Le culte des innombrables divinités du paganisme ne pouvait manquer de laisser sur le sol de Pompéi de nombreuses traces de son passage ; aussi, dans la seule partie découverte jusqu'à ce jour, ne compte-t-on pas moins de huit temples, sans parler des laraires, autels, etc, qui sont pour ansi dire innombrables. Fidèle au système que nous avons adopté et que nous suivrons invariablement dans cet ouvrage, nous ferons précéder la description des temples de Pompéi de quelques considérations sur les temples antiques en général, afin de faciliter à nos lecteurs l'intelligence de ce qui devra suivre, et aussi pour ajouter à l'intérêt de ces précieuses ruines en faisant connaître la destination de chacune de leurs parties.

Il ne saurait entrer dans notre cadre de traiter à fond la question des divers ordres d'architecture ; nous ne pouvons cependant nous dispenser de donner ici quelques notions essentielles sur les règles qui ont présidé à leur composition.


Ordre dorique                Ordre ionique                  Ordre corinthien

On appelle ordre l'ensemble de certaines formes caractéristiques, de certaines proportions qui déterminent la décoration et la mesure de la colonne et des autres membres d'architecture d'un édifice. Les ordres sont au nombre de cinq, dont trois seulement appartiennent à la Grèce, tandis que les deux derniers sont d'invention italienne. Des trois premiers, le plus ancien de tous est l'ordre dorique ; c'est celui que l'on retrouve dans les édifices de la plus belle période de l'art. Plus tard s'introduisent successivement les ordres ionique et corinthien, plus &eacutⅇlégants, plus riches, mais aussi moins majestueux et ne présentant pas, comme le dorique, une noble simplicité unie à la pensée d'une durée presque éternelle.

Ordre toscan                Ordre dorique romain                  Ordre composite

Les ordres italiens occupent les deux extrémités de l'échelle architecturale ; le premier, le toscan, le plus massif de tous, paraît être une réminiscence du dorique importé en Italie par les colonies grecques.
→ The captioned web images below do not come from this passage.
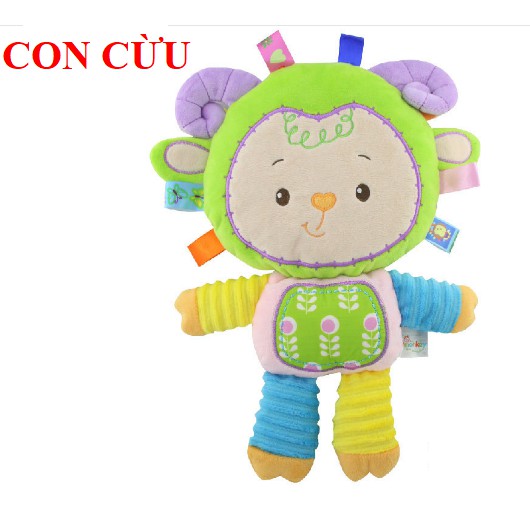 Đồ chơi chút chít/ Thú bông đa giác quan phát âm thanh Happy Monkey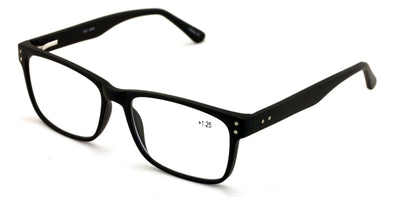 Large Men Premium Rectangular Reading Glasses Optical Frame Reader Spring Hinge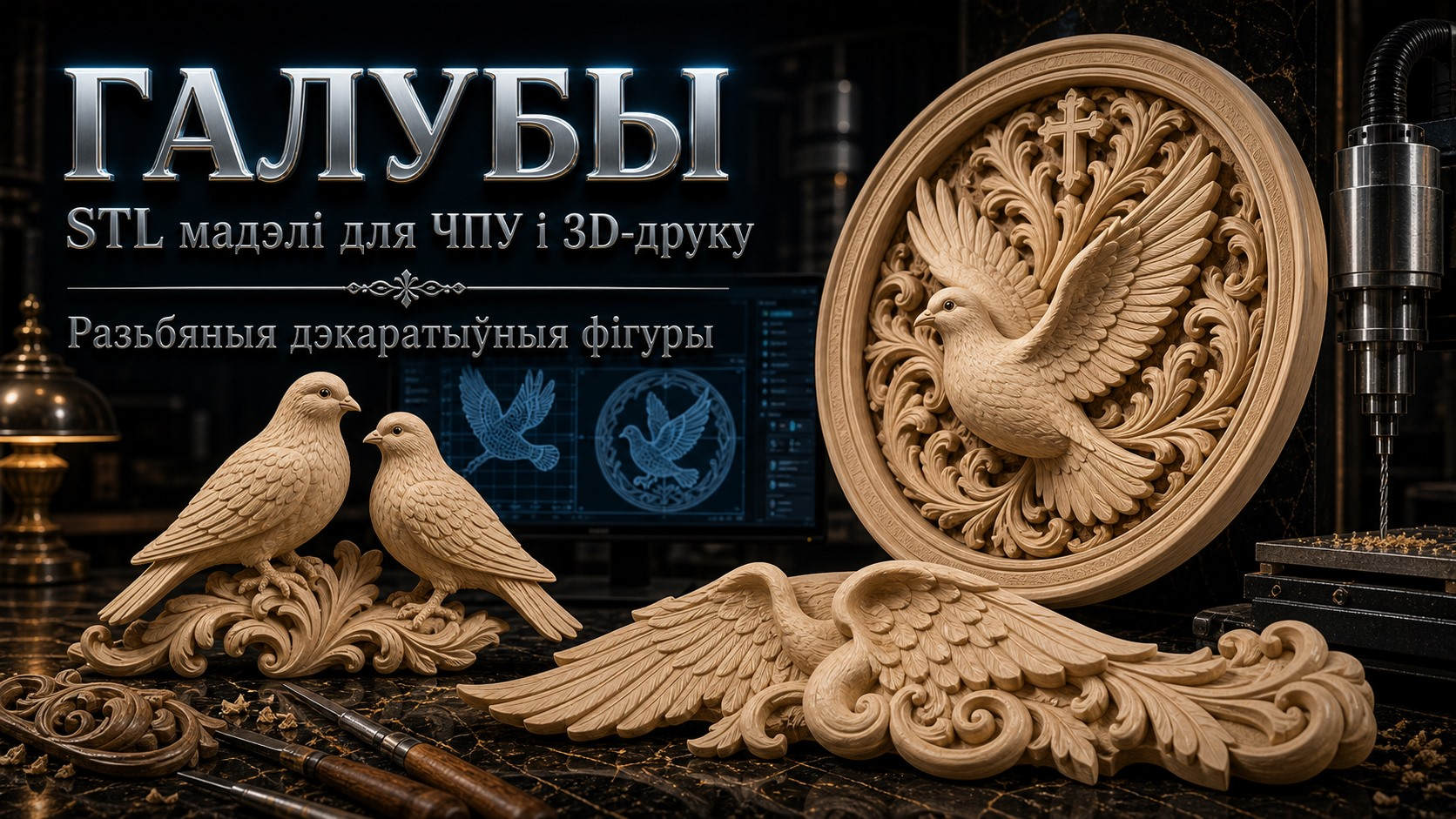 Галубы 3D модели для ЧПУ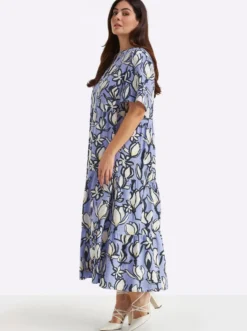 A-Linien-Kleid mit Volants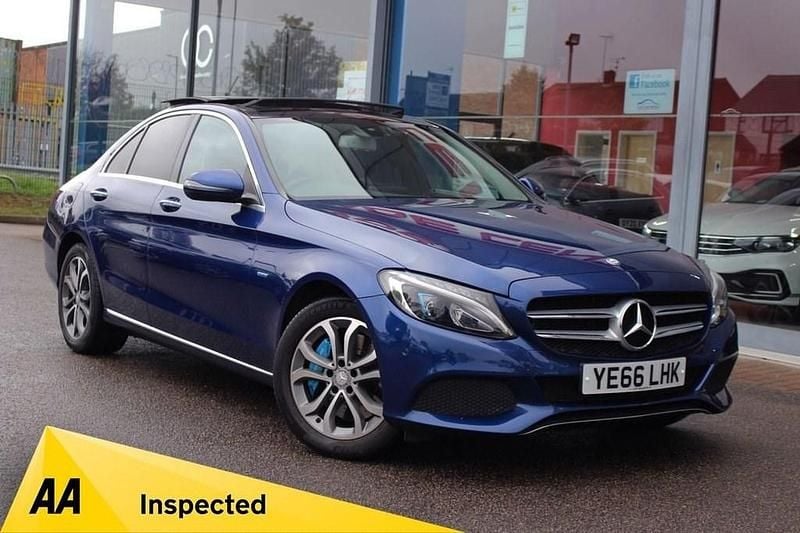Blue Used 2016 Mercedes C350e Premium Sedan | £10,995 (Fair price) - Image 1/4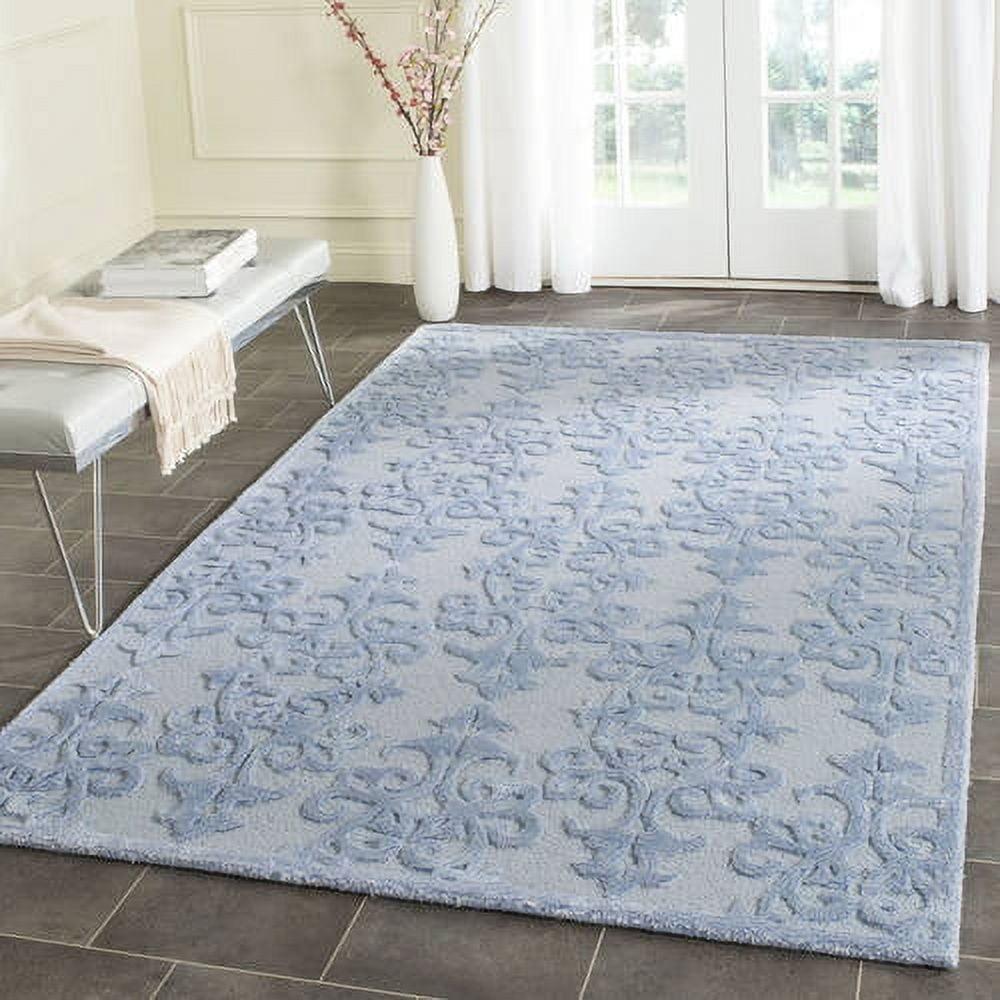 Bella BEL127 Hand Tufted Area Rug - Blue - 8'9"x11'9" - Safavieh.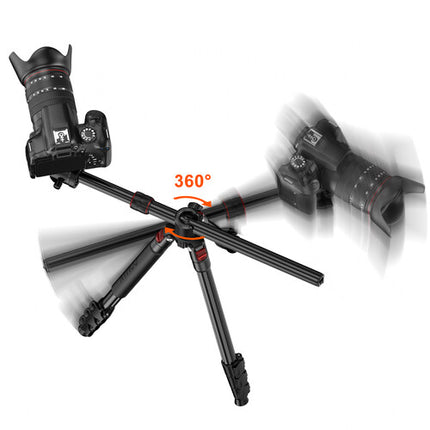 COMAN KX3939 Trípode Mini de Aluminio 71.3" Capacidad 11 lb Cabezal A32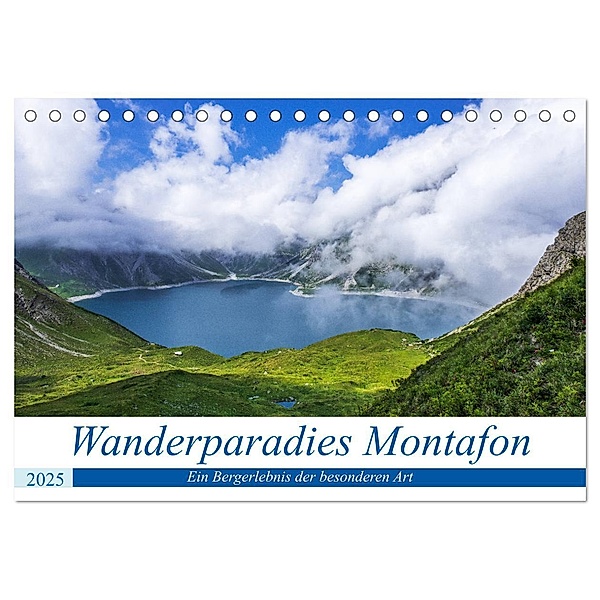 Wanderparadies Montafon (Tischkalender 2025 DIN A5 quer), CALVENDO Monatskalender, Calvendo, Birgit Matejka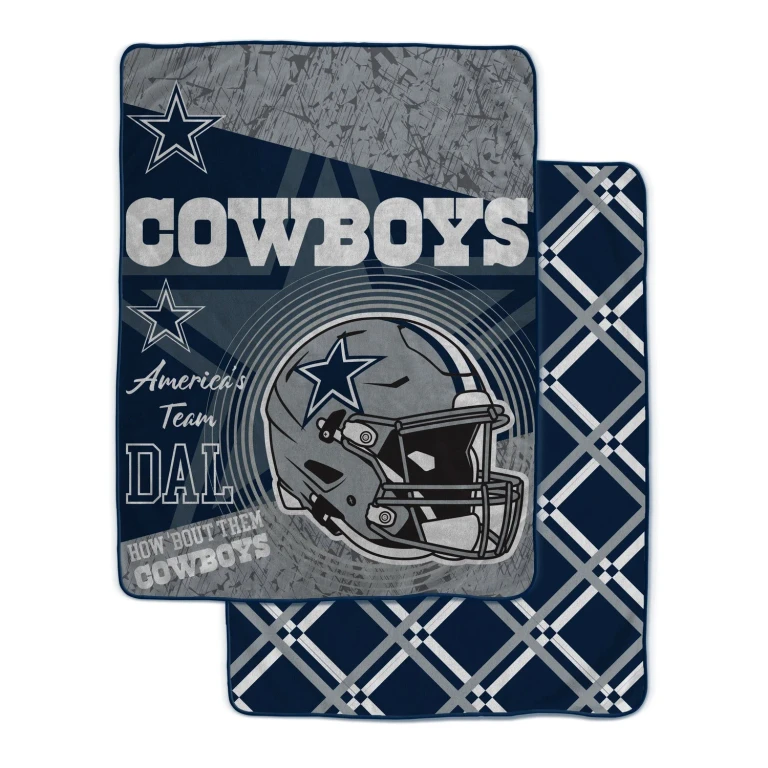 NFL Team Helmet Fleece Blanket 60x80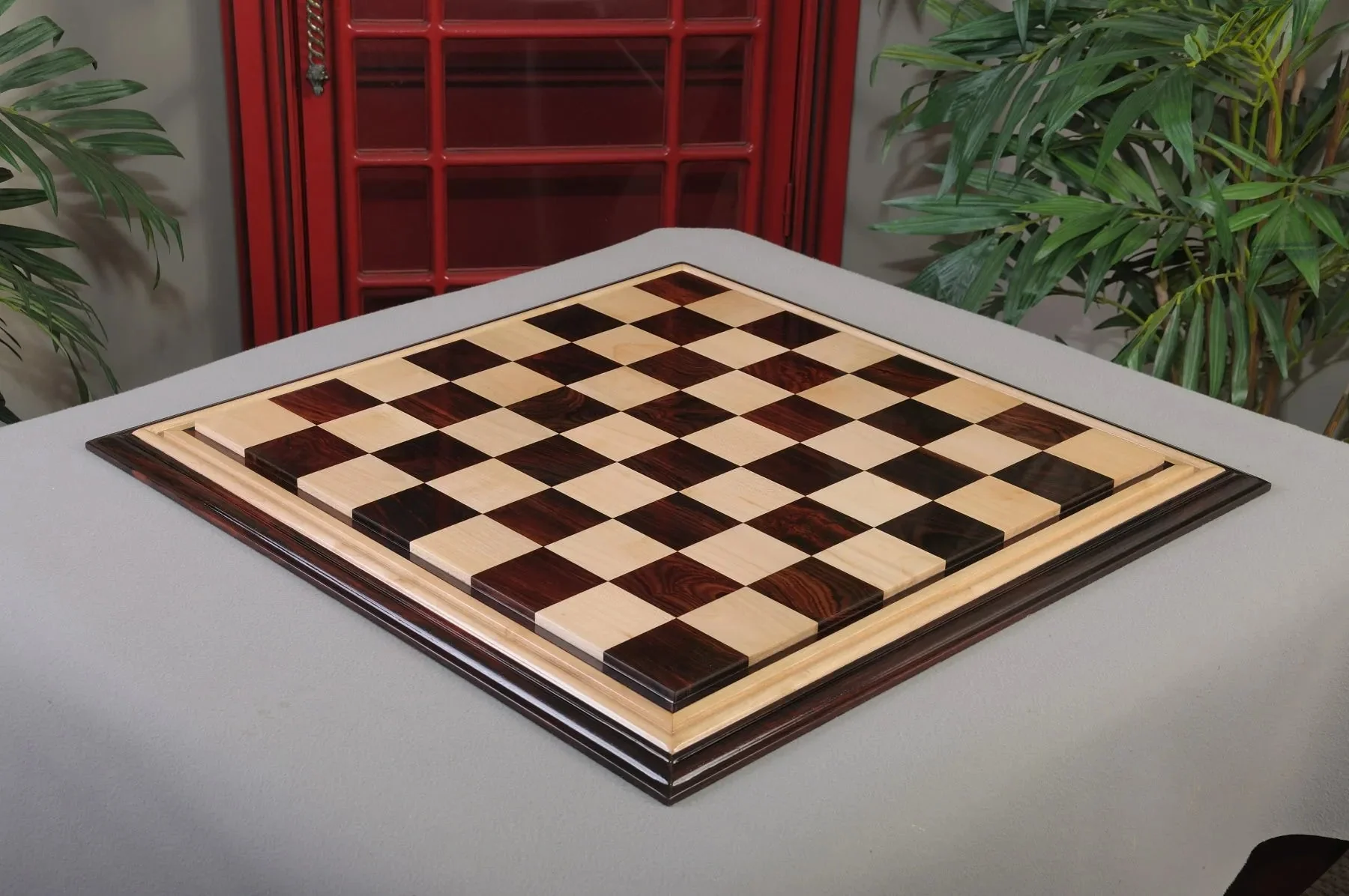 Luxe Wood Chess Board - Indian Rosewood / Maple - 2.5" Squares - Image 3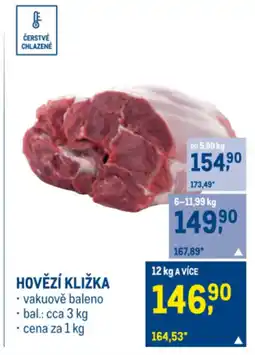 Makro HOVĚZÍ KLIŽKA nabídka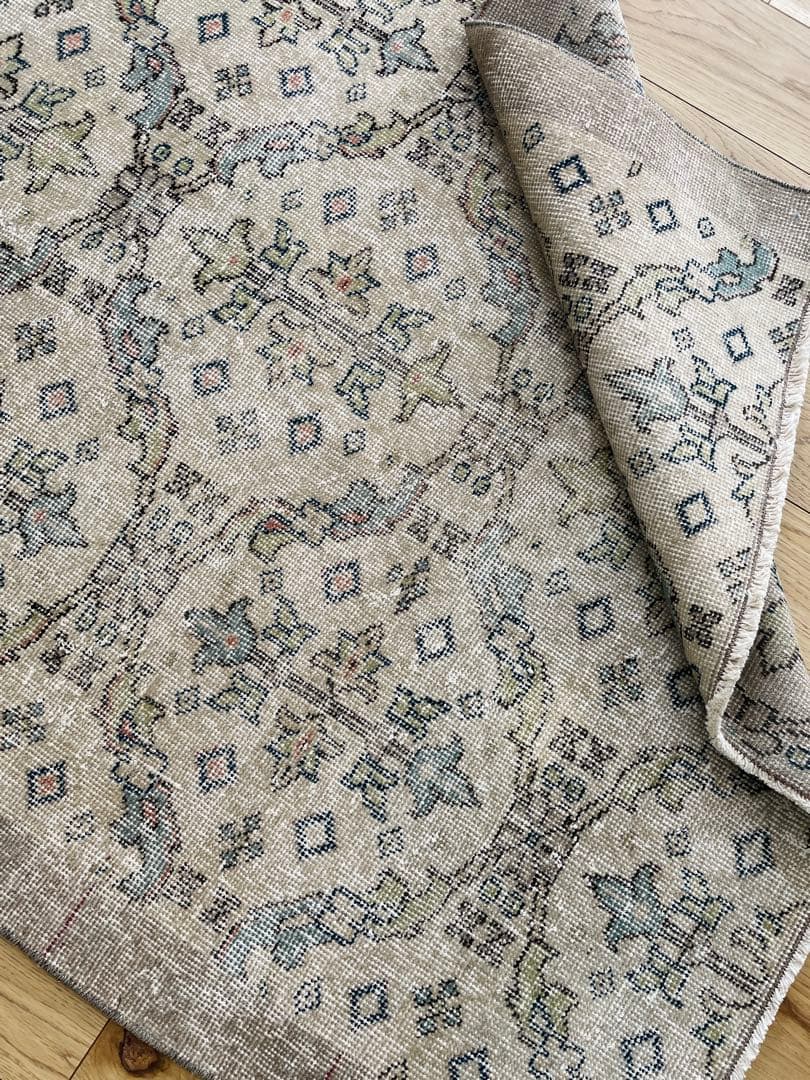 【3日間だけ値下げ】①未使用 トルコ　ラグ　ヴィンテージ　絨毯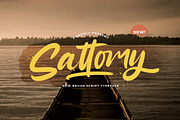 Sattomy - Handwritten Font, a Script Font by StringLabs (Thumbnail 1 of 13)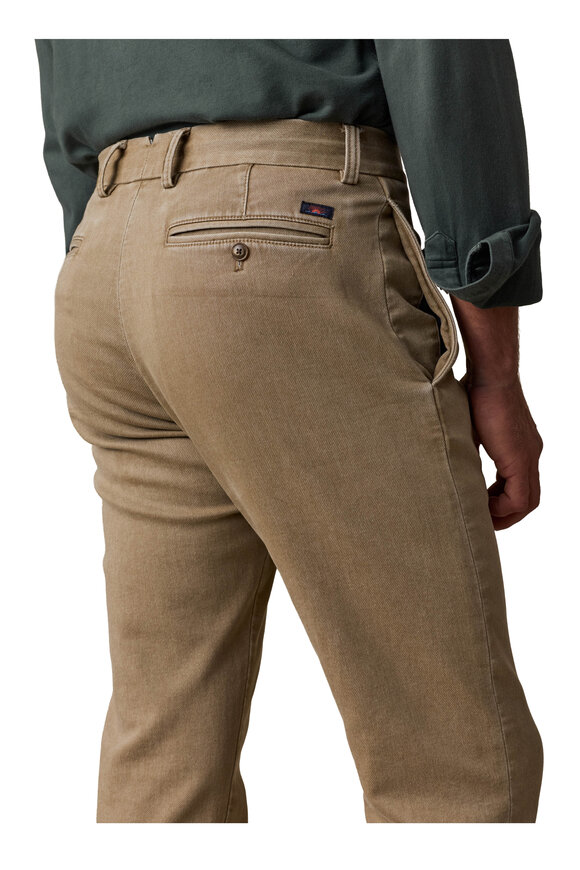 Faherty Brand Desert Khaki Stretch Terry Pant - view 4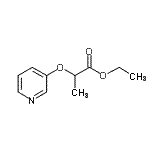 CAS 登录号：18343-00-5， 乙基2-(3-吡啶基氧基)丙酸酯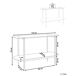 Beliani Mesa auxiliar LOVELL 120 Beliani Mesa auxiliar LOVELL 120 Plateado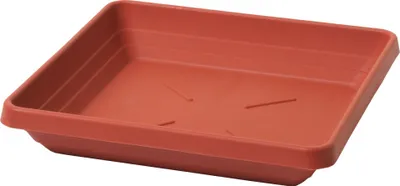 Obrázok produktu pre Plastia miska štvorhranná Lotos - terakota 50x50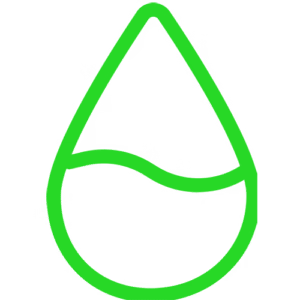 Low water consumption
Le composite, au contraire, formé, ainsi que son nom l'indique, d'un mélange du corinthien et de l'ionique, fut une invention des architectes romains qui, ne pouvant trouver rien de plus pur, de plus noble que les ordres grecs, et cependant éprouvant le besoin d'innover, imaginèrent un ordre qui au moins pouvait paraître l'emporter sur les autres par la profusion, je dirai même l'excès d'ornementation.

Disons maintenant comment ces divers systèmes furent appliqués aux édifices de l'antiquité et en particulier aux monuments religieux auxquels ce chapitre doit être consacré.

Les édifices dédiés aux dieux recevaient, suivant leur usage et leur importance, les noms de templum, fanum, delubrum, aedes ou aedicula. D'autres noms indiquaient leur forme et la disposition de leur plan.

On appelait temple monoptère celui qui offrait simplement une coupole portée par des colonnes disposées en rond et dont le sanctuaire n'était pas fermé.

Le temple à antes, in antis, fut le premier à ordonnance régulière, selon la classification de Vitruve (II, 2). Ce temple, le plus simple de tous les temples à colonnes, présentait à la façade deux colonnes seulement, et aux extrémités des murs latéraux prolongés au niveau de ces colonnes et appelés antes, deux pilastres.

Le temple prostyle diffère de celui-ci en ce que l'on substitue deux nouvelles colonnes aux pilastres des antes.

Le temple amphiprostyle ou double prostyle présentait quatre colonnes à la façade et quatre à la face postérieure.

Au reste, cette désignation de prostyle, bien qu'employée par Vitruve dans le sens que nous indiquons ici, peut s'appliquer à tous les temples qui ont des colonnes à la façade, puisque prostyle veut dire simplement qui a des colonnes en avant ; il vaut donc mieux employer la dénomination de tétrastyle (à quatre colonnes) dont je vais parler tout à l'heure.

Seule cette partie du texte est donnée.